A physical quantity x is calculated from the relation `x = a^(3)b^(2)//sqrt(cd)`. Calculate percentage error in x, if a, b, c and d are measured respectively with an error of 1 %, 3 %, 4% and 2%.

To calculate the percentage error in the physical quantity \( x \) given by the relation \[ x = \frac{a^3 b^2}{\sqrt{cd}}, \] we need to consider the errors in the measurements of \( a \), \( b \), \( c \), and \( d \).

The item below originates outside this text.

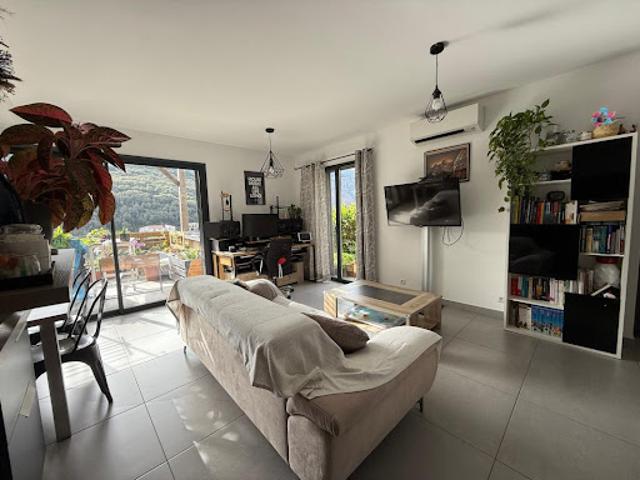 Vente Appartement 3 pièces 73 m2 Santa Maria di Lota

The errors in these quantities are given as follows: - \( a \) has a percentage error of \( 1\% \) - \( b \) has a percentage error of \( 3\% \) - \( c \) has a percentage error of \( 4\% \) - \( d \) has a percentage error of \( 2\% \) ### Step 1: Identify the contributions to the error in \( x \) The formula for \( x \) involves powers of \( a \), \( b \), \( c \), and \( d \). The general rule for calculating the percentage error in a product or quotient is that the percentage errors are added, weighted by their respective powers. For the given relation: - The contribution from \( a \) is \( 3 \times \text{(percentage error in } a) \) - The contribution from \( b \) is \( 2 \times \text{(percentage error in } b) \) - The contribution from \( c \) is \( \frac{1}{2} \times \text{(percentage error in } c) \) - The contribution from \( d \) is \( \frac{1}{2} \times \text{(percentage error in } d) \) ### Step 2: Write the expression for the total percentage error in \( x \) The total percentage error in \( x \) can be expressed as: \[ \text{Percentage error in } x = 3 \times \text{(percentage error in } a) + 2 \times \text{(percentage error in } b) + \frac{1}{2} \times \text{(percentage error in } c) + \frac{1}{2} \times \text{(percentage error in } d) \] ### Step 3: Substitute the values of the percentage errors Now, substituting the given percentage errors: \[ \text{Percentage error in } x = 3 \times 1\% + 2 \times 3\% + \frac{1}{2} \times 4\% + \frac{1}{2} \times 2\% \] ### Step 4: Calculate each term Calculating each term: 1. \( 3 \times 1\% = 3\% \) 2. \( 2 \times 3\% = 6\% \) 3. \( \frac{1}{2} \times 4\% = 2\% \) 4. \( \frac{1}{2} \times 2\% = 1\% \) ### Step 5: Sum all contributions Now, summing all these contributions: \[ \text{Percentage error in } x = 3\% + 6\% + 2\% + 1\% = 12\% \] ### Final Answer Thus, the percentage error in \( x \) is \[ \boxed{12\%}. \]